If you’ve read any of my work, you already know that I am deeply fascinated not just with history, but with mythology. One of the first books I had as a child was Edith Hamilton’s Greek Mythology, a beaten-up paperback probably printed in the 1980s wtih a scandalously nude, orange-skinned Perseus brandishing a shield and Medusa’s severed head. Myths were fascinating to me because they seemed so fantastical and distant. Why on earth did a woman wander through a maze with a spool of thread to guide her way? Why did Kronos eat his children? Why did Hermes kill a turtle (poor turtle) and make a lyre? Why did Thor try to drink the entire ocean?
How on earth was Loki the mother and father of most of the nasty monsters wandering around Asgard?
When I was a younger kid, my mind did not distinguish very much between actual history and mythology.

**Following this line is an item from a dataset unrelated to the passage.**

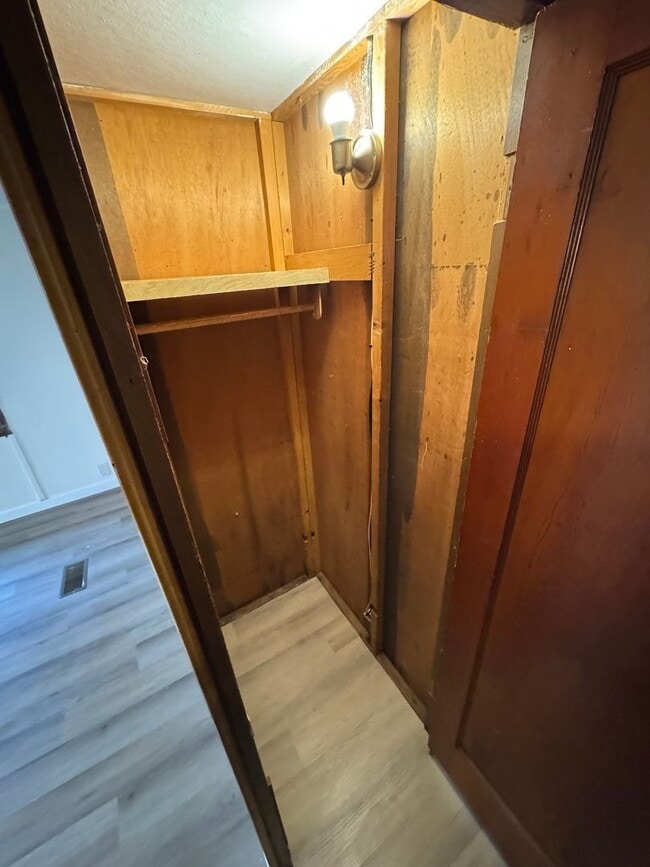 Building Photo - Dawn Ln Properties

They both seemed impossibly far away to me, and while intensely interesting, there wasn’t a lot of connection to my everyday living world.
Writers will, of course, write what they know. Most of my early stories owe quite a lot to various Goosebumps books, or Stephen King, or Animorphs, or Jack London or Ernest Hemingway. Today, I unabashedly lean heavily on the bones of myths to give skeleton to the body of my books, much like many a storyteller has done millennia and millennia before me. Can you guess which myth is behind Black Brothers’ Tales? I bet you can’t.
This leads me to an inner debate I had about historical fiction versus historical fantasy. In Black Brothers Tales I lean very heavily on bits and pieces from history. Varedo is what I imagined my version of the Ummayad Caliphate may have been in a world where the Ummayads never left Spain, and the Prophet’s daughter inherited the Caliphate instead of his nephew. However, there my story’s similarity to history stops; most of it’s imagined, with pieces here and there inspired by history, my own experiences, and just straight up imagination. The language is a mixture of all the languages I imagined may have ended up in this imaginary caliphate if the Ummayads had never left, plus some Turkish because I like Turkish. Is this silly? Perhaps, but I don’t care. I am writing stories because I enjoy writing them. I will probably always write historical fantasy instead of historical fiction, because your margins of error with imagined people and places are so much wider. The real knowledge gap between me and the person I am writing about matters a lot less if the subject of my writing is a figment of my own mind.